- **Records to use**
=== Begin Enclosure ===
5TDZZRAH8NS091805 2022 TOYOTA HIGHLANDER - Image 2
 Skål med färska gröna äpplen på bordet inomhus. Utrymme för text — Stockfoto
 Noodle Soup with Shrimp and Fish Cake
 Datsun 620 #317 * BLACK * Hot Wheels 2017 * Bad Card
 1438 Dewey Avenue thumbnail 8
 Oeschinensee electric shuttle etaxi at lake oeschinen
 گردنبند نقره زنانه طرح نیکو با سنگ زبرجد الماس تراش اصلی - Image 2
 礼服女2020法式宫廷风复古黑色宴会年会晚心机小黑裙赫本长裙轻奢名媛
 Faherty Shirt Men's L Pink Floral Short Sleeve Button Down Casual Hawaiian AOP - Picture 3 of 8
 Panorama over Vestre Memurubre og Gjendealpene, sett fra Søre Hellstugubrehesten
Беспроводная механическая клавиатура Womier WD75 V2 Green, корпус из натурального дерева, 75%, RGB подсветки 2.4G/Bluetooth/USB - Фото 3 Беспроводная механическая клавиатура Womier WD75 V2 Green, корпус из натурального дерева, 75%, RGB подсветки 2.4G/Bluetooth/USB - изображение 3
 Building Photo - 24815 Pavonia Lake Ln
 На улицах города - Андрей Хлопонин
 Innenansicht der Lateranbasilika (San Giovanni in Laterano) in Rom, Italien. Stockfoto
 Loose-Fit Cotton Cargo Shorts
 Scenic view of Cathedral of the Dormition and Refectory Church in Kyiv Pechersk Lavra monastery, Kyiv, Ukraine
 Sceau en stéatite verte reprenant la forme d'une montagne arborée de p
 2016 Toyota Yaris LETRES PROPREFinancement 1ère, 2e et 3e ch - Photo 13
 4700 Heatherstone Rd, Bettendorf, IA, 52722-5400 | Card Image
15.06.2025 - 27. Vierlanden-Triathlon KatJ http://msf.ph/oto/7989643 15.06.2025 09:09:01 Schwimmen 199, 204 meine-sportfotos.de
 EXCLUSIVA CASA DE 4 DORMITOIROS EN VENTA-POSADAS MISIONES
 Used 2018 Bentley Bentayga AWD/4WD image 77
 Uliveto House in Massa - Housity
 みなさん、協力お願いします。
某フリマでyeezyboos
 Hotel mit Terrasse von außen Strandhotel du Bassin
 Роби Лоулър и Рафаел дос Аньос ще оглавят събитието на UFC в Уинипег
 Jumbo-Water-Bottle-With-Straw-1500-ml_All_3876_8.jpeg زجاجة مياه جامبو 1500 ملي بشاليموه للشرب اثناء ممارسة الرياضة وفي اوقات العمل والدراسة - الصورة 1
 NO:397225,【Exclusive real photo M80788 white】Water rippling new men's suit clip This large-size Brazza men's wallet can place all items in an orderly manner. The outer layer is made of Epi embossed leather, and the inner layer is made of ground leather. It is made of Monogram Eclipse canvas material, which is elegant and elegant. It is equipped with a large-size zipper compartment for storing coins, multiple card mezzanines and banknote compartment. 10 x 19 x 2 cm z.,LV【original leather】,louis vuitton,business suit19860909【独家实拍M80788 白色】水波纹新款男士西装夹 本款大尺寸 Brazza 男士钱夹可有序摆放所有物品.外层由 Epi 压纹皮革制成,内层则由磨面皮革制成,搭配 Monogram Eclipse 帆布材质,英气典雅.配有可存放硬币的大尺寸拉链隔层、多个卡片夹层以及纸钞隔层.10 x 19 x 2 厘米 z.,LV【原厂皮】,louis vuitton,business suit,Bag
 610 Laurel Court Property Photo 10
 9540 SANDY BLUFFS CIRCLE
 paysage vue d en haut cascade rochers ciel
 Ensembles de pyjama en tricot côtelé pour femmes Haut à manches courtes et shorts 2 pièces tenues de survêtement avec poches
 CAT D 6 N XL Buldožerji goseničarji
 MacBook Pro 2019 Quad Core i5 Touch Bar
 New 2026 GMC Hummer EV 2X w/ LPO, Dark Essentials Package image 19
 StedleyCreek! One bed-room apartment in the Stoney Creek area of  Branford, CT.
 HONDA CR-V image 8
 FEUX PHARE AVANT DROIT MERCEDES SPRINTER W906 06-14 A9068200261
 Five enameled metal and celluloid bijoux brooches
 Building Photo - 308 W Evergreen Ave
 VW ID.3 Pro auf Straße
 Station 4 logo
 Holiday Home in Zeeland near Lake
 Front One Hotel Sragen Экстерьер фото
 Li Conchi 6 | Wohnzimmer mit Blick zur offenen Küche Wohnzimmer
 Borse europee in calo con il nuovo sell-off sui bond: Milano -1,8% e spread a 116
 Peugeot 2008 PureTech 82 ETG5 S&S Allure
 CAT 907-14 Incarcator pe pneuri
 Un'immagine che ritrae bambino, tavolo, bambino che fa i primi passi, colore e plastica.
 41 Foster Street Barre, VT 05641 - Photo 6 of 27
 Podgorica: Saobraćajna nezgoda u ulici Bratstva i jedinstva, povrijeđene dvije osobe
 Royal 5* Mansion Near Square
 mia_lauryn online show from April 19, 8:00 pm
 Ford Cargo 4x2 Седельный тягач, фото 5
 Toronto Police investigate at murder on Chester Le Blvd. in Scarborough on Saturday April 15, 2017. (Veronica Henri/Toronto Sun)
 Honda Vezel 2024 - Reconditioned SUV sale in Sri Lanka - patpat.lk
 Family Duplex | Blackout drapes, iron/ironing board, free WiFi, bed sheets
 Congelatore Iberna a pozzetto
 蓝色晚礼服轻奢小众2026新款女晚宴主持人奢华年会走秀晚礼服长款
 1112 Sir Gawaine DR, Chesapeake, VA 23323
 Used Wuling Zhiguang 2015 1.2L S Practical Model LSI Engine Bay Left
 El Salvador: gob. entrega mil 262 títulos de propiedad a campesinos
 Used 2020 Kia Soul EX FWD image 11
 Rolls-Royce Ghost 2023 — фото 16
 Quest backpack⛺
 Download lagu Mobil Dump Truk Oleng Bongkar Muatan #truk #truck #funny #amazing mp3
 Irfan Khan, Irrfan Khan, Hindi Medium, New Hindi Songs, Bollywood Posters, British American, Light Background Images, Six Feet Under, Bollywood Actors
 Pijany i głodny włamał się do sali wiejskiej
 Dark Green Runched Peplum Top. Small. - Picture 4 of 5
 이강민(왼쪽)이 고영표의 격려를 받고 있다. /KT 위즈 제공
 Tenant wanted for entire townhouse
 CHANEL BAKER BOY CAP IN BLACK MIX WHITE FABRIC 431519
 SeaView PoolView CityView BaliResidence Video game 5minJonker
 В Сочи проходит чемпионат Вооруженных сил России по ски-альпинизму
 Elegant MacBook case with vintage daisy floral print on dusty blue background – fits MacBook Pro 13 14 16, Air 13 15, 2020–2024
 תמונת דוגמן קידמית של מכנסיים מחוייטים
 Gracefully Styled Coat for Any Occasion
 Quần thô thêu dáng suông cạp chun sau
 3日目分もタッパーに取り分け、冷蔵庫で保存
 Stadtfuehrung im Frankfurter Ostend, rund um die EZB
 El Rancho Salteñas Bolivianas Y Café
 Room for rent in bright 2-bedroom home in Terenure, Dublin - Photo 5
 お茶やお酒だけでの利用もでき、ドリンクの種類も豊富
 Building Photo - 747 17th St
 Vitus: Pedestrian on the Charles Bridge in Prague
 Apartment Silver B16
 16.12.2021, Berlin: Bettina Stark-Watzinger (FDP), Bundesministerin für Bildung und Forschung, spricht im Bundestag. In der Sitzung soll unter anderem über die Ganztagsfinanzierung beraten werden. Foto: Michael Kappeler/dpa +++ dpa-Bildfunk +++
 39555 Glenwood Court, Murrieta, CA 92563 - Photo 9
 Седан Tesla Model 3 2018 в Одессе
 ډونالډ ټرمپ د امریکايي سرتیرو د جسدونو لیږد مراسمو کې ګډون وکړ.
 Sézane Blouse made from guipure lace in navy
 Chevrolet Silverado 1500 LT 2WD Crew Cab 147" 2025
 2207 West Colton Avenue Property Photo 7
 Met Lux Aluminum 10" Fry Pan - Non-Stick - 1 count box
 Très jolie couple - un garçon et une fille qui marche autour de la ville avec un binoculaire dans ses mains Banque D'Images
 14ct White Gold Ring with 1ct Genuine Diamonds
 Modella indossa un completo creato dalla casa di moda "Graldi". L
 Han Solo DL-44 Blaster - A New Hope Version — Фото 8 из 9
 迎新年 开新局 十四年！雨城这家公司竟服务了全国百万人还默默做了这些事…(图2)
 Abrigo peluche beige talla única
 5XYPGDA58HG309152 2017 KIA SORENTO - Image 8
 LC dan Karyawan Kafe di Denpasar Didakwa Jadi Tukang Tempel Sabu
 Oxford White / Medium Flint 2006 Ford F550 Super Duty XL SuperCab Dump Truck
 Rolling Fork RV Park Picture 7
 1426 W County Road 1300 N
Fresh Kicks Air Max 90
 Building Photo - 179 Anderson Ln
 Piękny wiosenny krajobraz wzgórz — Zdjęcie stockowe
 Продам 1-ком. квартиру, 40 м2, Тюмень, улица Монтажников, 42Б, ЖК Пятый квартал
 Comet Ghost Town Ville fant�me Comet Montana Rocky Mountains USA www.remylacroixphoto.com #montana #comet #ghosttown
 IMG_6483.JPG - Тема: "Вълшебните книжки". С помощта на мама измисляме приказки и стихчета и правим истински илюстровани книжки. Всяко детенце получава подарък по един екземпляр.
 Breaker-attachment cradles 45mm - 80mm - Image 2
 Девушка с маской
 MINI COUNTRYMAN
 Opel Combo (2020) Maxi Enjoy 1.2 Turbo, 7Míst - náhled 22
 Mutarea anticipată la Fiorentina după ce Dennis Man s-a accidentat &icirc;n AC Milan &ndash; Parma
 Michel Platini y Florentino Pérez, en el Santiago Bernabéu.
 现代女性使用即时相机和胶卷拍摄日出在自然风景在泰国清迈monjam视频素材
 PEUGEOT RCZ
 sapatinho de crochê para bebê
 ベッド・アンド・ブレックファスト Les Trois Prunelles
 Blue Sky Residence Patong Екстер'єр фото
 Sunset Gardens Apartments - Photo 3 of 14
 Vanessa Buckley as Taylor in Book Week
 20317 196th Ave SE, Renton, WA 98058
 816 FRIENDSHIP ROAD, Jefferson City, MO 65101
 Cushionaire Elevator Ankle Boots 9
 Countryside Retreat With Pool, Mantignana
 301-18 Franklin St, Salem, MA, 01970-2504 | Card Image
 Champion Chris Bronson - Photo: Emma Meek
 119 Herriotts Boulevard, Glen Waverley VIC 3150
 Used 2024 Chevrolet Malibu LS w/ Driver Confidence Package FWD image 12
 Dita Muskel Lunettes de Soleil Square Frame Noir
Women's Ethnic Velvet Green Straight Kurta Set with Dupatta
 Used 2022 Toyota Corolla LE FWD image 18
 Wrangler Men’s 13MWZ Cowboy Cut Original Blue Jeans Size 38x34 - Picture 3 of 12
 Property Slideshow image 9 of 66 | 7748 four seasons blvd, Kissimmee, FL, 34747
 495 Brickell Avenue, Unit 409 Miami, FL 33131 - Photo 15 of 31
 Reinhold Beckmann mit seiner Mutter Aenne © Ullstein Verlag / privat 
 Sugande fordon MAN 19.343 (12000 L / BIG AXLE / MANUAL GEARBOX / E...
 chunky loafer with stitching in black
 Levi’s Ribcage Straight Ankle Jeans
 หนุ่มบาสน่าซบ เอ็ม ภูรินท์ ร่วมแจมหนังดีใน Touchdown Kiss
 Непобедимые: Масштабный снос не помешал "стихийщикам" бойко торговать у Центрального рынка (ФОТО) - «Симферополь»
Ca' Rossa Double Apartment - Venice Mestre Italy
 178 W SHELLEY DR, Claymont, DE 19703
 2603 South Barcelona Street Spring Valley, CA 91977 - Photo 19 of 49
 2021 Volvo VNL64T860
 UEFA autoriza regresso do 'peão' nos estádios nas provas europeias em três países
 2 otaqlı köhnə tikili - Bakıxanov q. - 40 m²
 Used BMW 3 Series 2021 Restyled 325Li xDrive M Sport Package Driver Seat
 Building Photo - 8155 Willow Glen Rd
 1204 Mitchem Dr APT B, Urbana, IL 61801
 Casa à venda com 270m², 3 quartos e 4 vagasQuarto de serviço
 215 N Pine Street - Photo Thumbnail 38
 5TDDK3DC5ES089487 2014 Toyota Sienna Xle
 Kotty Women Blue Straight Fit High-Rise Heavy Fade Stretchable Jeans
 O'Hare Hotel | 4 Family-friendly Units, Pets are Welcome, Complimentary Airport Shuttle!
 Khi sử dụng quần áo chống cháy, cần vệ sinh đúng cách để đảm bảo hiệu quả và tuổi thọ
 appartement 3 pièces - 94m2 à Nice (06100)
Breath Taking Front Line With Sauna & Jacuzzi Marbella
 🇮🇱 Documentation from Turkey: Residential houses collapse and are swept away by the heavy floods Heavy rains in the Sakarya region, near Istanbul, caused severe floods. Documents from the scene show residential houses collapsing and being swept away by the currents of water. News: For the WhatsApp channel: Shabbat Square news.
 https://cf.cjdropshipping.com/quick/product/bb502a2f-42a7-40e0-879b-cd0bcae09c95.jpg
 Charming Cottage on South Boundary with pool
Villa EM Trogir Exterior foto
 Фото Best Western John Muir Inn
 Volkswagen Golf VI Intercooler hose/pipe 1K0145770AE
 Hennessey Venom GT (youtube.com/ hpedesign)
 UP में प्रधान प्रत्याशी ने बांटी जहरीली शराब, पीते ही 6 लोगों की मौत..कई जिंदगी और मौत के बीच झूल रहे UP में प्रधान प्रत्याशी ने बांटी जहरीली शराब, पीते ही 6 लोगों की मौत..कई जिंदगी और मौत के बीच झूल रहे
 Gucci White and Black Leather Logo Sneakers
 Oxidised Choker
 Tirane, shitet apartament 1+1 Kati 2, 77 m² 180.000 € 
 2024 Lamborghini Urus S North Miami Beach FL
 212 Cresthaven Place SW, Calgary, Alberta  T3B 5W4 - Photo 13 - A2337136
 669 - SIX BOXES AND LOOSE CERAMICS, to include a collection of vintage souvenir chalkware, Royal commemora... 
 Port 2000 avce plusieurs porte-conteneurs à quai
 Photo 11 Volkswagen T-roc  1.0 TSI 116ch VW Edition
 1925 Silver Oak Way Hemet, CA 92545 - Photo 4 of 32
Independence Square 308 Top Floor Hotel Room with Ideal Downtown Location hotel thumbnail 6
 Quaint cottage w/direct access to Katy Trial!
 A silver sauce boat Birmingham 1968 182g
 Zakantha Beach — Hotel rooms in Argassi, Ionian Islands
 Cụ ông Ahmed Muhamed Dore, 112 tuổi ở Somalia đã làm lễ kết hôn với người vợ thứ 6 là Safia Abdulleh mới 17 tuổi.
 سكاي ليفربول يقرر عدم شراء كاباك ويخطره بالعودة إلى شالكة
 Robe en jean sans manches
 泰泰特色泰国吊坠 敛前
=== End Enclosure ===
- **What to produce**
Repeat, exactly as they stand above, the lines from the line with "Fresh Kicks Air Max 90" to the line with "Used 2022 Toyota Corolla LE FWD image 18", both lines included.

- **Written response**
Fresh Kicks Air Max 90
 Building Photo - 179 Anderson Ln
 Piękny wiosenny krajobraz wzgórz — Zdjęcie stockowe
 Продам 1-ком. квартиру, 40 м2, Тюмень, улица Монтажников, 42Б, ЖК Пятый квартал
 Comet Ghost Town Ville fant�me Comet Montana Rocky Mountains USA www.remylacroixphoto.com #montana #comet #ghosttown
 IMG_6483.JPG - Тема: "Вълшебните книжки". С помощта на мама измисляме приказки и стихчета и правим истински илюстровани книжки. Всяко детенце получава подарък по един екземпляр.
 Breaker-attachment cradles 45mm - 80mm - Image 2
 Девушка с маской
 MINI COUNTRYMAN
 Opel Combo (2020) Maxi Enjoy 1.2 Turbo, 7Míst - náhled 22
 Mutarea anticipată la Fiorentina după ce Dennis Man s-a accidentat &icirc;n AC Milan &ndash; Parma
 Michel Platini y Florentino Pérez, en el Santiago Bernabéu.
 现代女性使用即时相机和胶卷拍摄日出在自然风景在泰国清迈monjam视频素材
 PEUGEOT RCZ
 sapatinho de crochê para bebê
 ベッド・アンド・ブレックファスト Les Trois Prunelles
 Blue Sky Residence Patong Екстер'єр фото
 Sunset Gardens Apartments - Photo 3 of 14
 Vanessa Buckley as Taylor in Book Week
 20317 196th Ave SE, Renton, WA 98058
 816 FRIENDSHIP ROAD, Jefferson City, MO 65101
 Cushionaire Elevator Ankle Boots 9
 Countryside Retreat With Pool, Mantignana
 301-18 Franklin St, Salem, MA, 01970-2504 | Card Image
 Champion Chris Bronson - Photo: Emma Meek
 119 Herriotts Boulevard, Glen Waverley VIC 3150
 Used 2024 Chevrolet Malibu LS w/ Driver Confidence Package FWD image 12
 Dita Muskel Lunettes de Soleil Square Frame Noir
Women's Ethnic Velvet Green Straight Kurta Set with Dupatta
 Used 2022 Toyota Corolla LE FWD image 18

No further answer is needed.